**WORK TO BE COMPLETED:** All of the entries below are to be copied word for word.

-- TASK DATA follows --

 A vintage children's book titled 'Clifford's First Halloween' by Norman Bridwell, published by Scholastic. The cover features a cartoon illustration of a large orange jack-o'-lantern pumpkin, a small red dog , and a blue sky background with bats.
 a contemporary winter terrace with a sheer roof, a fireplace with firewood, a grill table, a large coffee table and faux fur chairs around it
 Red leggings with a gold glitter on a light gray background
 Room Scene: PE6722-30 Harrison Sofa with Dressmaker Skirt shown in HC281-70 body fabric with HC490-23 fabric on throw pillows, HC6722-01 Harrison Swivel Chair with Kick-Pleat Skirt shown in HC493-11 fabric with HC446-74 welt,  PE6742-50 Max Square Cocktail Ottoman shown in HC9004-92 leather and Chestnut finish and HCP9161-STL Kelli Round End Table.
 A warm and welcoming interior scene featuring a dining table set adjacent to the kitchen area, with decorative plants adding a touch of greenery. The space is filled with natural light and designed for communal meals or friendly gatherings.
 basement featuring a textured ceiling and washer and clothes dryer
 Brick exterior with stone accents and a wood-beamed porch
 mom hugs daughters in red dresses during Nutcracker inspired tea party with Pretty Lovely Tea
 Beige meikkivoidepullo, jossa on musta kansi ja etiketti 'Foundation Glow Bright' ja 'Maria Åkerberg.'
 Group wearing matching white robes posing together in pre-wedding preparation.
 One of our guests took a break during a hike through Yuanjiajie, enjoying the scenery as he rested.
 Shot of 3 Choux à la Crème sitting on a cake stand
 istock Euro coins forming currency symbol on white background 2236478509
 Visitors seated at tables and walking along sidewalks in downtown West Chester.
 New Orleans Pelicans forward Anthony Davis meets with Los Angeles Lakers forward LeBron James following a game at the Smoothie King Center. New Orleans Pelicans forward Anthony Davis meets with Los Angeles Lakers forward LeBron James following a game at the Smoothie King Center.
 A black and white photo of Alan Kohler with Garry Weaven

-- TASK DATA concluded --

**EXERCISE OUTPUT:**
 A vintage children's book titled 'Clifford's First Halloween' by Norman Bridwell, published by Scholastic. The cover features a cartoon illustration of a large orange jack-o'-lantern pumpkin, a small red dog , and a blue sky background with bats.
 a contemporary winter terrace with a sheer roof, a fireplace with firewood, a grill table, a large coffee table and faux fur chairs around it
 Red leggings with a gold glitter on a light gray background
 Room Scene: PE6722-30 Harrison Sofa with Dressmaker Skirt shown in HC281-70 body fabric with HC490-23 fabric on throw pillows, HC6722-01 Harrison Swivel Chair with Kick-Pleat Skirt shown in HC493-11 fabric with HC446-74 welt,  PE6742-50 Max Square Cocktail Ottoman shown in HC9004-92 leather and Chestnut finish and HCP9161-STL Kelli Round End Table.
 A warm and welcoming interior scene featuring a dining table set adjacent to the kitchen area, with decorative plants adding a touch of greenery. The space is filled with natural light and designed for communal meals or friendly gatherings.
 basement featuring a textured ceiling and washer and clothes dryer
 Brick exterior with stone accents and a wood-beamed porch
 mom hugs daughters in red dresses during Nutcracker inspired tea party with Pretty Lovely Tea
 Beige meikkivoidepullo, jossa on musta kansi ja etiketti 'Foundation Glow Bright' ja 'Maria Åkerberg.'
 Group wearing matching white robes posing together in pre-wedding preparation.
 One of our guests took a break during a hike through Yuanjiajie, enjoying the scenery as he rested.
 Shot of 3 Choux à la Crème sitting on a cake stand
 istock Euro coins forming currency symbol on white background 2236478509
 Visitors seated at tables and walking along sidewalks in downtown West Chester.
 New Orleans Pelicans forward Anthony Davis meets with Los Angeles Lakers forward LeBron James following a game at the Smoothie King Center. New Orleans Pelicans forward Anthony Davis meets with Los Angeles Lakers forward LeBron James following a game at the Smoothie King Center.
 A black and white photo of Alan Kohler with Garry Weaven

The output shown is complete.